Dominic Raab’s British bill of rights would make it easier for the state to commit human rights violations and should be scrapped, MPs and peers have said.
In a report published on Wednesday, parliament’s joint committee on human rights said the new law would weaken protects for people against torture, inhuman or degrading treatment.
Raab has said the legislation – which is intended to replace the Human Rights Act – will curtail “abuses” of the existing system.
But the cross-party committee said it would “create large scale uncertainty” and “seriously damage people’s ability to enforce their rights”.
Calling into question the “wisdom” of proceeding with the law, the committee said it should not be brought in without the consent of the Scottish Parliament, the Welsh Senedd and the Northern Ireland Assembly.
Joanna Cherry, the SNP chair of the committee, said Raab’s bill “removes and restricts certain human rights protections that the government finds inconvenient”.
“It may be more sensible to scrap the Bill in its entirety,” she said.

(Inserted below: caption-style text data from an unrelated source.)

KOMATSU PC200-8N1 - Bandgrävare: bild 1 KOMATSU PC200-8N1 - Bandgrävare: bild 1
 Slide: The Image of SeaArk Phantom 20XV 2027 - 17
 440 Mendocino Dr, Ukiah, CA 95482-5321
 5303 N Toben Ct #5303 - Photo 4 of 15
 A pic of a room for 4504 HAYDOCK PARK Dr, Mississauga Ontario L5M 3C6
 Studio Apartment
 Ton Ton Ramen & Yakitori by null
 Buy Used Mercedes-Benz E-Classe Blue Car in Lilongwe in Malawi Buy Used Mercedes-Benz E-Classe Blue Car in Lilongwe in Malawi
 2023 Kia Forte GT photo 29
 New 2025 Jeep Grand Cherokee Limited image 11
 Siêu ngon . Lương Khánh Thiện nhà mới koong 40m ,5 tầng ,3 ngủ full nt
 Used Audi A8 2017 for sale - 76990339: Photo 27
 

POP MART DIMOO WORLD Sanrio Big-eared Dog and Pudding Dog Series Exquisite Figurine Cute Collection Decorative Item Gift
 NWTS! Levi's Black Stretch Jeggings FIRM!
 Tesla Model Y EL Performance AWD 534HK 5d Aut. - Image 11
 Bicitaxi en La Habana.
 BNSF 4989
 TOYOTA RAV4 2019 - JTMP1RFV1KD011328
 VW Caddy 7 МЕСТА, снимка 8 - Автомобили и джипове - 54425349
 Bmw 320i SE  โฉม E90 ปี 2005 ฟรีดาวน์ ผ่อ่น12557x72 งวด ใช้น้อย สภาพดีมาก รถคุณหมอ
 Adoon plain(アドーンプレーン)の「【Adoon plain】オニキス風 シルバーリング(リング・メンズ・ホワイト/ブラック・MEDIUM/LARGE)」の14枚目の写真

The committee – which includes four Conservatives – said the bill appears to be designed to “tip the balance” in favour of the state when facing allegations of human rights violations.
It said the result of the law would be more people going to the European Court of Human Rights to enforce their rights, with more judgments being made against the UK.
And the report also warned the bill will enable the government to evade liability for human rights infringements committed during overseas military operations in the future.
Raab first introduced the Bill when he held office under Boris Johnson, only for it to be shelved when he was sacked by Liz Truss when she was prime minister. It was brought back by Rishi Sunak.